Supplied records:
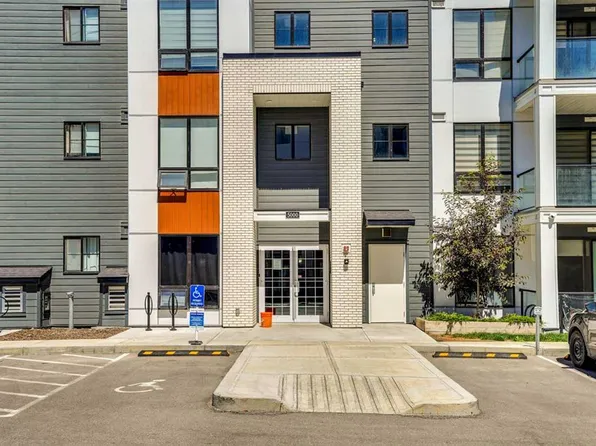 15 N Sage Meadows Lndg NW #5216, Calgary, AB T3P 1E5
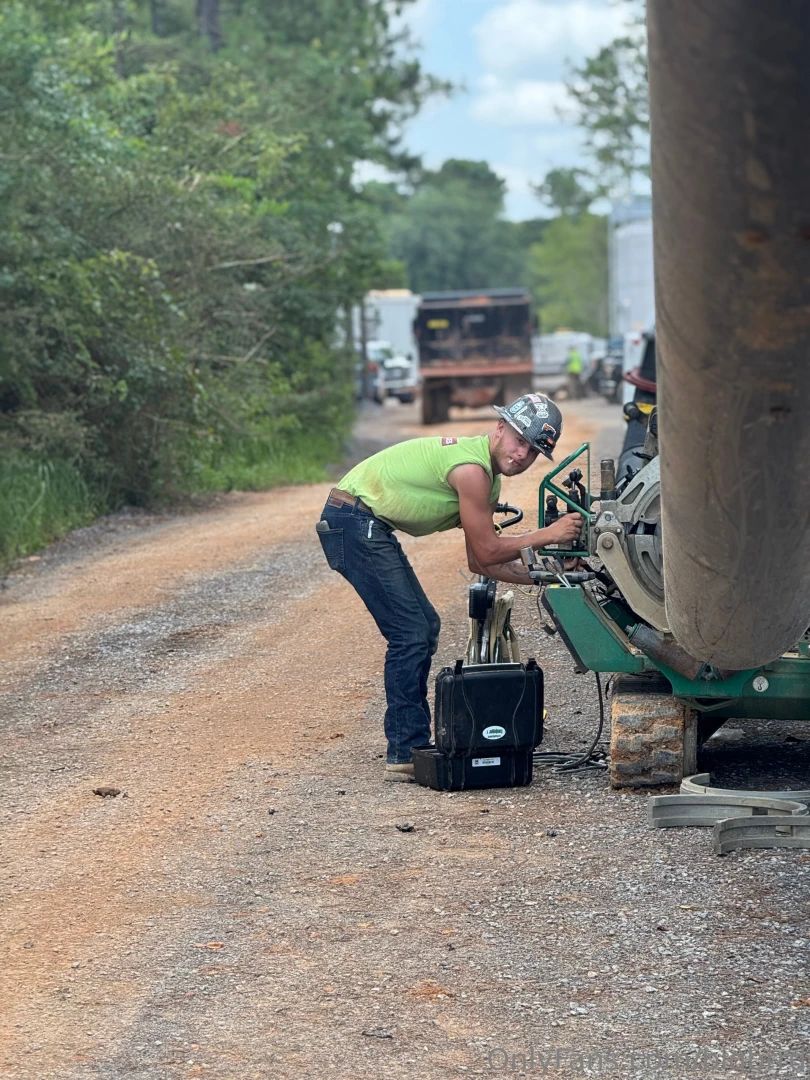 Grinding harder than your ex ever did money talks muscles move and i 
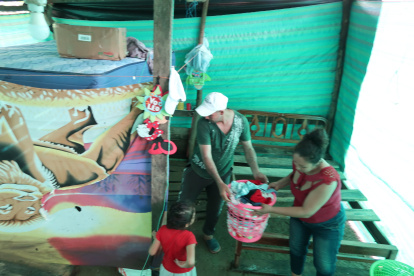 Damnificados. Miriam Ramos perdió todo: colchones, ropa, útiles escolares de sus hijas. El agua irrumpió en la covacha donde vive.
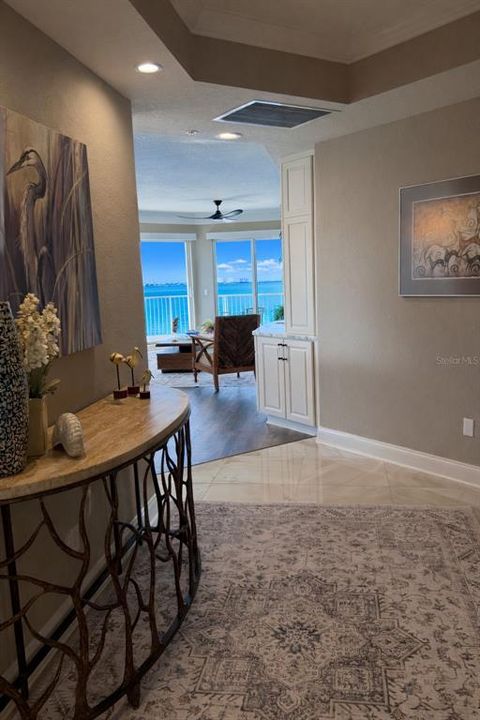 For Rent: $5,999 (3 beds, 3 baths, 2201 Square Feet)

---

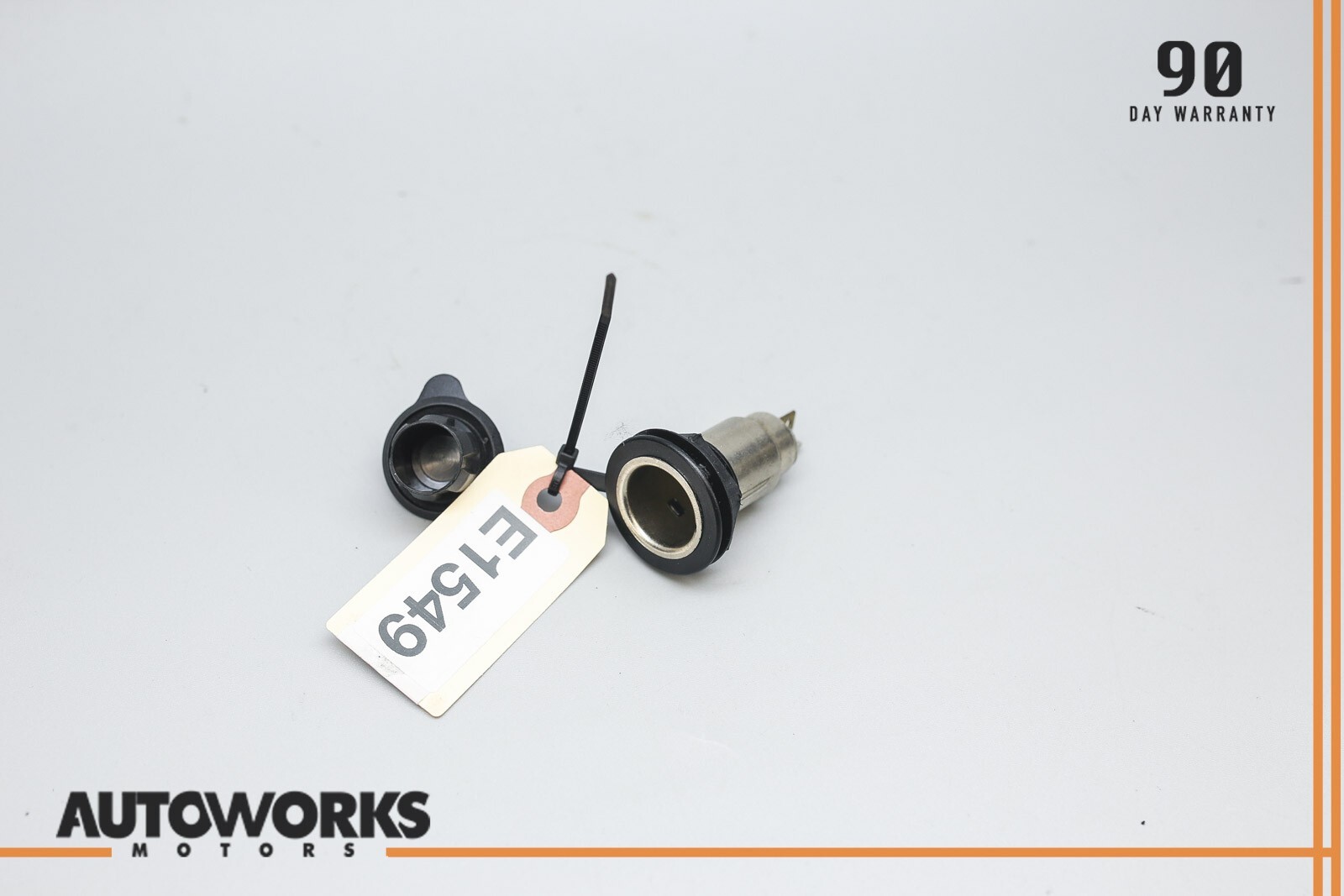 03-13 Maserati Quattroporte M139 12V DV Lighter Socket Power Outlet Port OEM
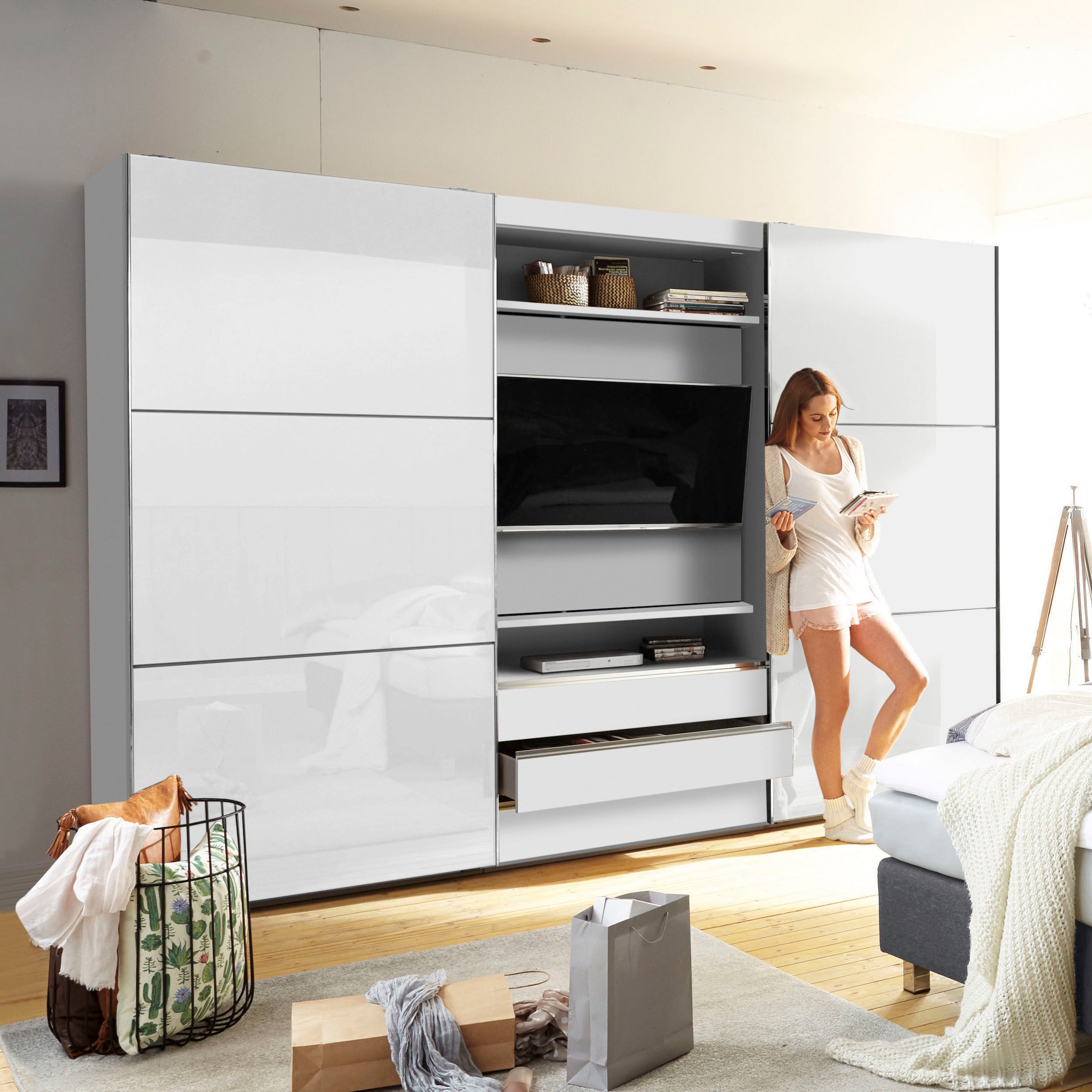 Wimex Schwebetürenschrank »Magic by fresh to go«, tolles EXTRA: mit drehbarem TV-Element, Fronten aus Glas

* * *

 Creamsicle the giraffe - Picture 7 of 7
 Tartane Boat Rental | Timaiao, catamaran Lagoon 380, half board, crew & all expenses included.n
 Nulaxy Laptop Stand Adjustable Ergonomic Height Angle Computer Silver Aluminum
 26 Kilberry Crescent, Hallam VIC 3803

Work instruction: Output exactly the lines of the listing above that start with the one holding "Grinding harder than" and go on through the one holding "For Rent: $5,999"; leave the pictures out.

Solution to this exercise:
 Grinding harder than your ex ever did money talks muscles move and i 
 Damnificados. Miriam Ramos perdió todo: colchones, ropa, útiles escolares de sus hijas. El agua irrumpió en la covacha donde vive.
 For Rent: $5,999 (3 beds, 3 baths, 2201 Square Feet)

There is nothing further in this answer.